Für die begehrte einstweilige Anordnung fehlt es indessen an einem Anordnungsgrund. Die Ast. hat keine Umstände dargelegt, die den Erlaß der einstweiligen Anordnung „nötig" i. S. des § 123 Abs. 1 Satz 2 VwGO erscheinen lassen; im Hinblick auf den geltend gemachten Rechtsanspruch sind nach den Umständen des vorliegenden Falles keine sachlichen Gründe für eine drohende Rechtsbeeinträchtigung oder den Eintritt sonstiger wesentlicher Nachteile ersichtlich.

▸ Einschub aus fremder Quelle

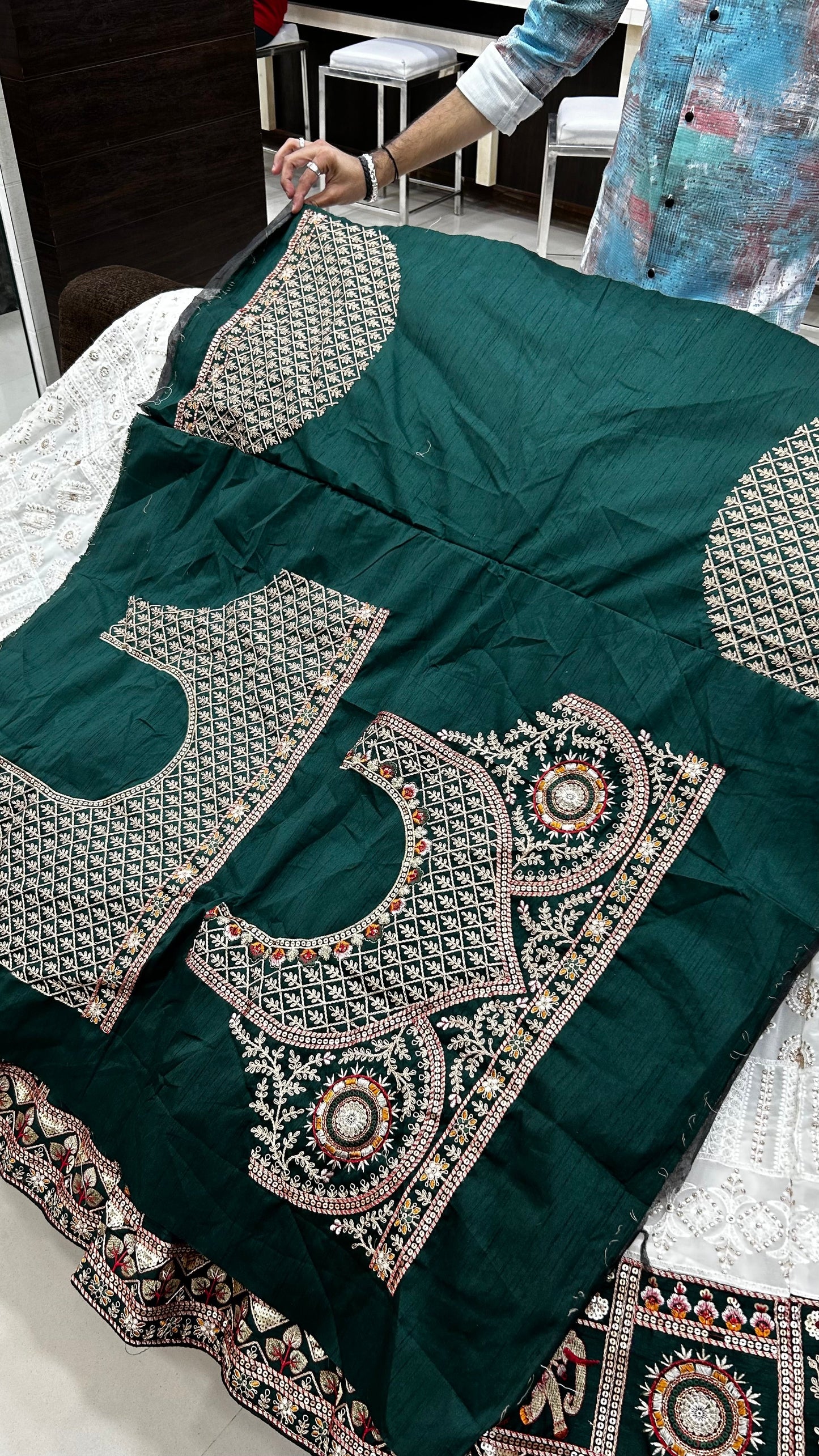 White Dola Silk With Bandhani Duppta Lehanga Choli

Derartige Gründe wären nicht erst dann anzunehmen, wenn die Wahl des Gebietes der Stadt A. als möglicher Standort für atomare Waffen und die dadurch für die Stadt entstehenden Auswirkungen durch konkrete Tatsachen zu belegen sind, sondern schon dann, wenn eine solche Wahl nach den Umständen des Falles und der allgemein gegebenen Situation in naher Zukunft in Betracht kommen kann und eine Fraktion deshalb konkreten Anlaß hat, die ihr zustehenden Verfahrensrechte mit dem Ziel zu nutzen, daß sich die Stadtvertretung in nächster Zeit mit der Angelegenheit befaßt. So hat der für das Kommunalrecht in Niedersachsen zuständige 2. Senat des OVG mit Beschluß vom 11.5.1983 – 2 OVG B 16/83 – das Vorliegen eines Anordnungsgrundes in dem Fall einer Stadt bejaht, auf deren Gebiet bereits US-Streitkräfte stationiert sind. An derartigen Anhaltspunkten fehlt es jedoch im vorliegenden Fall völlig. Die Ast. hat nicht einmal vorgetragen, daß es in A. militärische Einrichtungen gibt. Auch sonst sind Umstände weder dargelegt noch ersichtlich, die es hinreichend wahrscheinlich erscheinen lassen, daß auf dem Gebiet der Stadt A. in naher Zukunft atomare, biologische oder chemische Waffen gelagert werden. Insoweit ist die Situation der Stadt A. nicht anders zu bewerten als die Situation jeder anderen deutschen Stadt und Gemeinde. Nicht jede Stadt oder Gemeinde wird aber Standort sog. ABC-Waffen sein.

9.

Bei dieser Sachlage kann es der Ast. zugemutet werden, ihr Begehren im Hauptsacheverfahren im Wege der Klage durchzusetzen, falls der Ag. sich weiterhin weigert, dem Antrag zu entsprechen. Es ist nicht ersichtlich, daß der Ast. durch die längere Verfahrensdauer wesentliche Nachteile entstehen werden. Sollten sich im Laufe des Klageverfahrens die Anhaltspunkte dafür verdichten, daß in A. ABC-Waffen stationiert werden sollen, könnte dies dann ein Grund für den Erlaß einer einstweiligen Anordnung sein. Im gegenwärtigen Zeitpunkt fehlt es jedoch – wie dargelegt – an einem solchen Grunde.